Grapefruit season is well underway in the United States. But author Caroline Moss claimed in a recent tweet that people taking antidepressants may want to steer clear of the citrus fruit. Moss also suggests that medical professionals in the U.S. are not required to inform people that they should avoid eating grapefruit if they are taking certain medications.
Can grapefruit negatively interact with some medications?
Yes, grapefruit can negatively interact with some medications.
WHAT WE FOUND
Harvard Health, the U.S. Food and Drug Administration (FDA) and the Mayo Clinic all say grapefruit can interfere with several kinds of prescription medications.
According to the FDA, many drugs are broken down, or metabolized, with the help of an enzyme called CYP3A4 in the small intestine. The FDA says grapefruit juice can block the action of intestinal CYP3A4, “so instead of being metabolized, more of the drug enters the blood and stays in the body longer.” This could result in a person having too much of the drug in their body.
“A medication that's broken down too quickly won't have time to work,” Katherine Zeratsky from the Mayo Clinic writes. “On the other hand, a medication that stays in the body too long may build up to potentially dangerous levels.”
The FDA says grapefruit can also lessen the body’s absorption of certain medications.
“Although scientists have known for several decades that grapefruit juice can cause too much of certain drugs in the body, more recent studies have found that the juice has the opposite effect on a few other drugs,” according to the FDA. “Instead of changing metabolism, grapefruit juice can affect proteins in the body known as drug transporters, some of which help move a drug into our cells for absorption. As a result, less of the drug enters the blood and the drug may not work as well.”
- Fight infection
- Reduce cholesterol
- Treat high blood pressure
- Treat heart problems
- Prevent organ rejection
- Treat anxiety
- Control seizures
- Minimize motion sickness
- Treat erectile dysfunction
- Replace hormones
- Reduce cough
- Control pain
Harvard Health, the FDA and the Mayo Clinic recommend talking to your health care provider or pharmacist to find out if your specific prescription may be affected by grapefruit, how much grapefruit juice is safe for you to drink and if there are any other fruits or juices that may also affect your prescription in a similar way to grapefruit juice.

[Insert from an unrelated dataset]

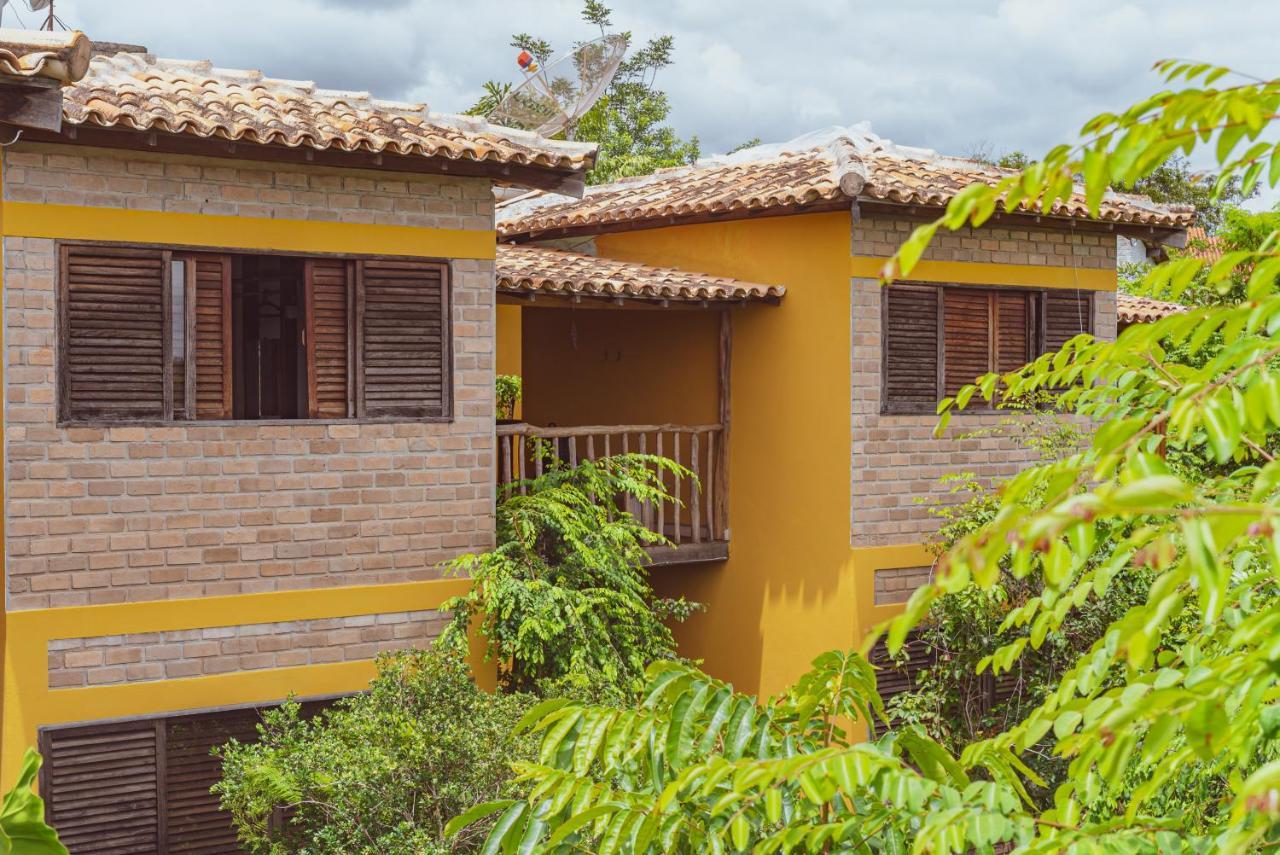 Pousada Alto Do Cajueiro Lencois Zewnętrze zdjęcie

The FDA notes it has required that some prescription and over-the-counter drugs include warnings against drinking grapefruit juice or eating grapefruit while taking the drug. Dr. Christine Cadiz, an assistant professor at the University of California Irvine, told VERIFY pharmacists are required to counsel patients on new prescriptions in some states.
“I would advise people in the general public, when they pick up new prescriptions, not to decline the counseling that's provided by the pharmacist,” Cadiz said. “Sometimes you miss really important information about how to take the medication, about how to store the medication and about what types of foods and drinks to avoid with those medications.”